Kelima tantangan itu secara bersama-sama datang. Terkait dengan tapering off pemerintah AS, Bank Indonesia sejauh ini sudah menyadari sepenuhnya. Adanya pengentikan likuiditas akan berdampak pada suku bunga, yield obligasi surat utang Negara dan tentu rupiah. Apalagi, saat ini telah terjadi tidak meratanya pertumbuhan global akibat Pandemi COVID-19 yang melanda dunia, tentu berakibat buruk bagi ekonomi Negara-negara di dunia.
Tekanan terhadap inflasi di dalam negeri juga akan terus ada, terutama dengan adanya kenaikan minyak dan tentu kenaikan listrik di dalam negeri. Namun melihat data sejauh ini inflasi masih dalam rentang 3 persen plus minus 1. Jadi, masih dalam kendali yang diperhitungkan.
Pengaruh inflasi di AS yang sudah berada pada level 6,8% akibat tekanan pertumbuhan ekonomi AS yang membaik, maka tidaklah perlu kawatir dalam jangka pendek. Fundamental ekonomi Indonesia dengan pertumbuhan yang diperkirakan akan seperti sebelum Pandemi COVID-19 merupakan modal penting.
Sikap antsipatif diperlukan, minimal suku bunga akan sedikit naik, yield SBN juga akan dipertahankan lebar dan tentu nilai tukar rupiah juga akan sedikit “goyah”. Pelemahan nilai tukar rupiah akan terjadi setelah AS benar-benar menyatakan selesai. Kisaran waktu pada Triwulan I dan paling akhir pada Semester I tahun 2022 mendatang.
Namun dengan modal perbaikan ekonomi, bank-bank yang juga lebih siap karena program restrukturisasi, jika terjadi pelarian modal dan berakibat pada pergerakan harga saham dan rupiah, tidaklah benar-benar membakar rupiah. Inflasi di AS yang sudah mulai “menyala” “membakar” ekonomi, sudah tentu akan diantisipasi dengan kenaikan suku bunga The Fed. Pengaruhnya terhadap Indonesia dalam jangka pendek, inflasi AS yang “menyala” tinggi sejak 40 tahun terkahir ini belum berdampak serius terhadap rupiah dan saham di pasar modal. Nilai tukar rupiah masih anteng dan investor asing di pasar modal belum “lari”

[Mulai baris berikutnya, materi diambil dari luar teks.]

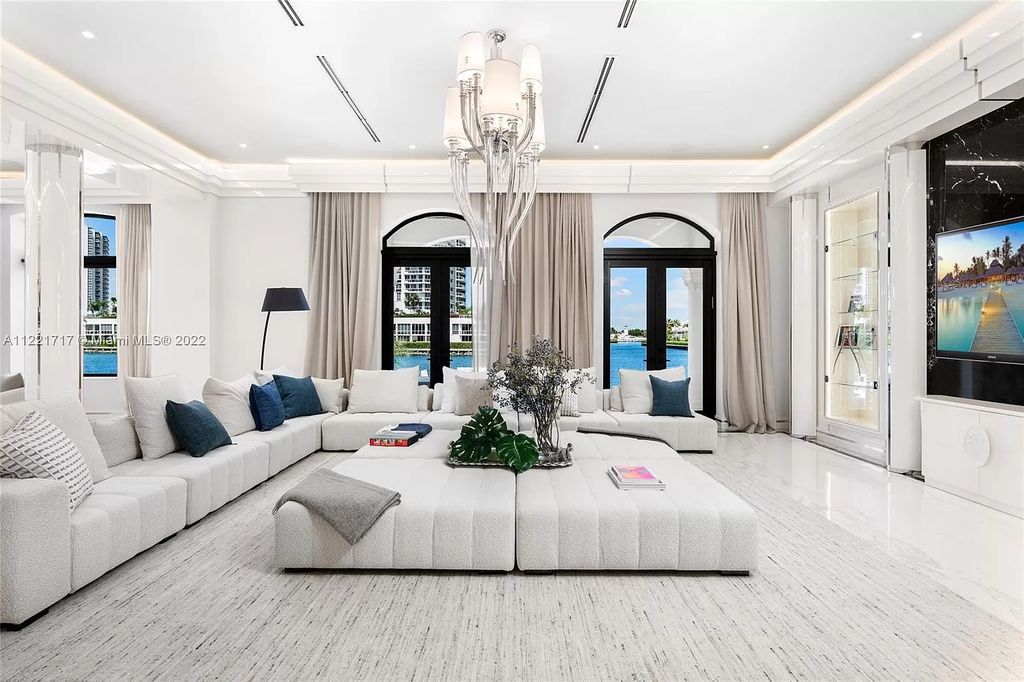 The Home in Golden Beach is an ultra-lavish waterfront palatial estate is set behind private gates at the end of a cul de sac now available for sale. This home located at 498 North Pkwy, Golden Beach, Florida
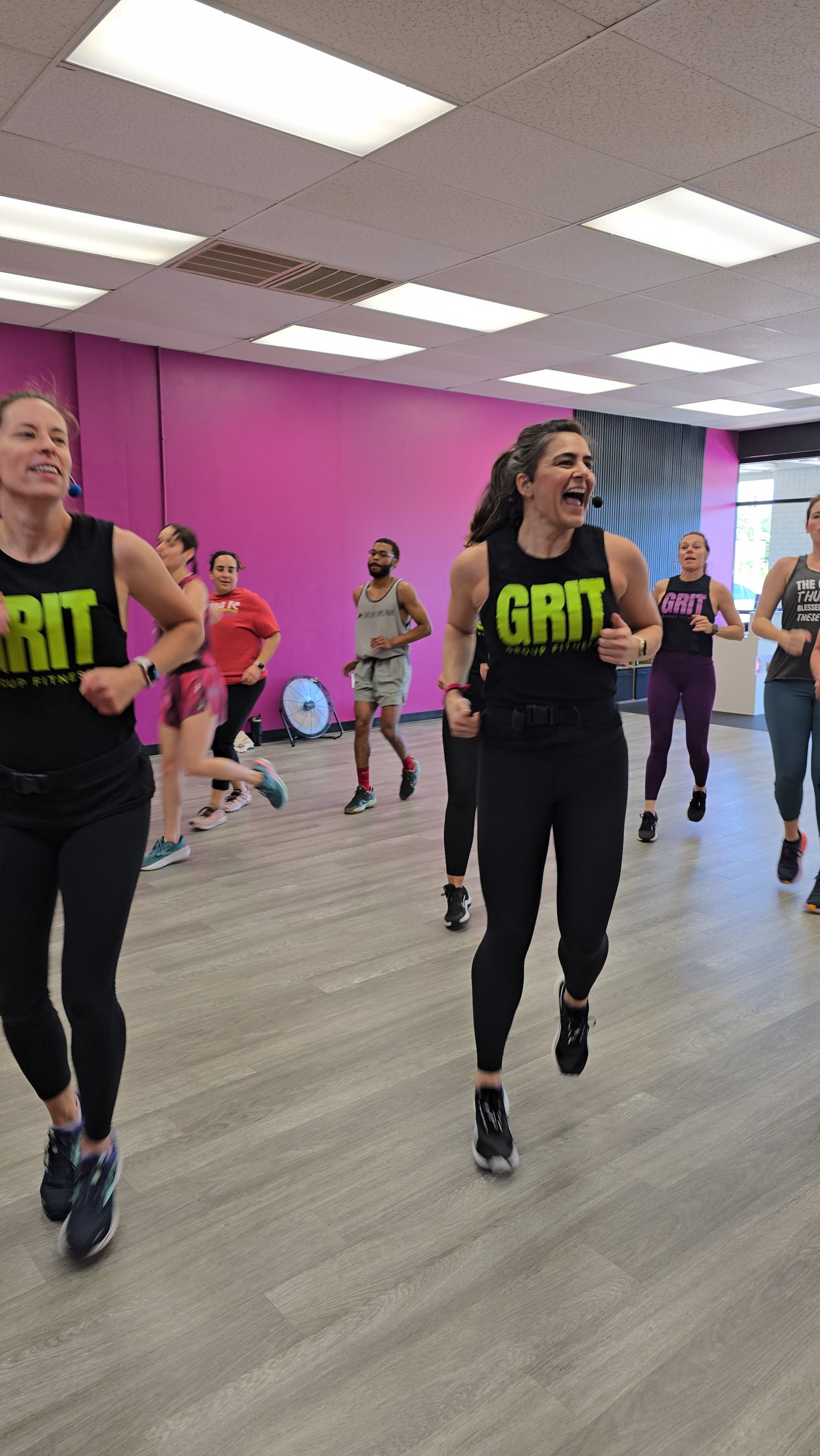 Un grupo de personas que asisten a la clase de fitness de la cara, dirigida por dos mujeres negras, es "Arena" Camisa: una de ellas es Melissa Bamford. La habitación tiene paredes rosadas y blancas y grandes ventanas.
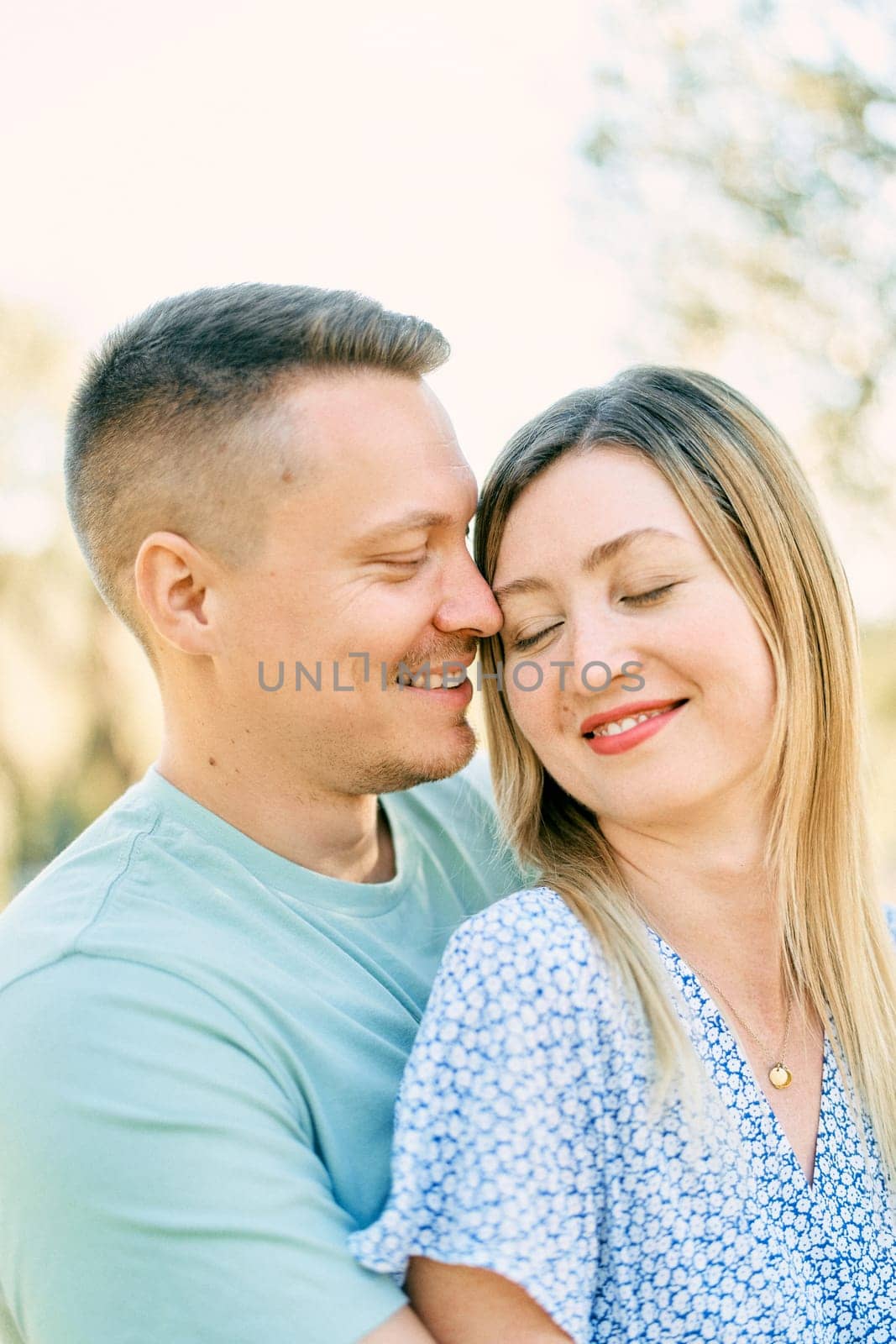 Guy hugs girl from behind, touching her forehead with his nose in the garden by Nadtochiy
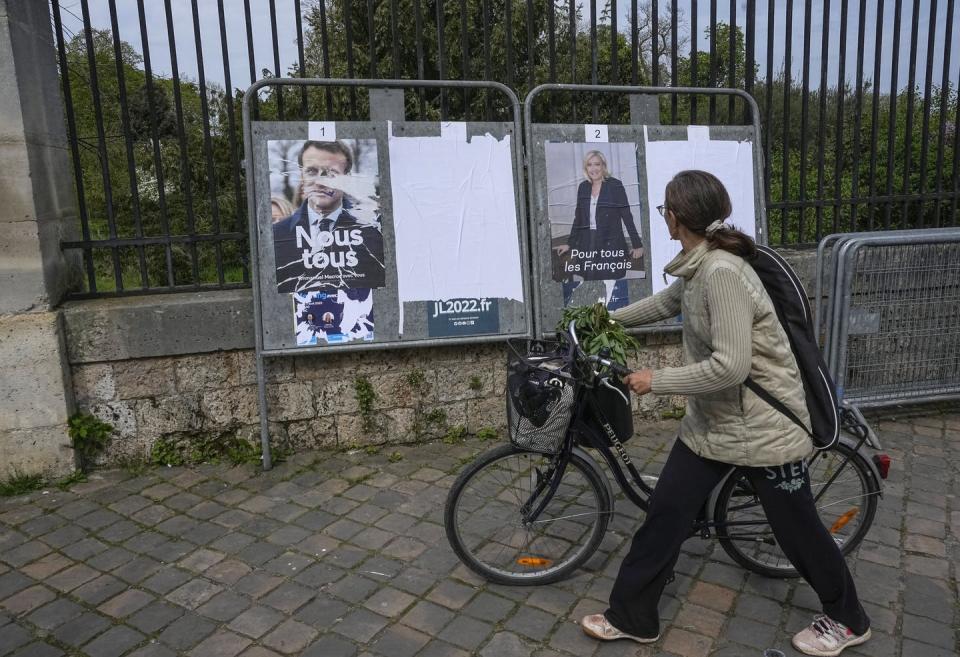 <span class="caption">A woman pushes her bike past campaign posters in Versailles ahead of the final vote.</span> <span class="attribution"><span class="source">Michael Euler/AP/AAP</span></span>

Kecemasan dan tekanan memang ada, namun keyakinan akan pertumbuhan ekonomi Indonesia yang kuat, maka pengaruh efek panas inflasi di AS benar-benar akan dirasakan ketiga Pemerintah AS benar-benar mencabut QE dan suku bunga The Fed “dikerek”. Akan tetapi, ekonomi Indonesia yang terus membaik sehingga investor yang lari hanya dalam waktu sesaat, dan bahkan “efek panas” terhadap rupiah tidak terlalu panas.
Kendati efek panasnya tidak begitu “panas”, tentu tidak perlu over convidence – terlalu percaya diri – sehinga melukapan sikap prudent. Semua tahu ekonomi AS masih merupakan episentrum dunia, maka sedikit banyak akan “menggetarkan” ekonomi keseluruh dunia termasuk Indonesia.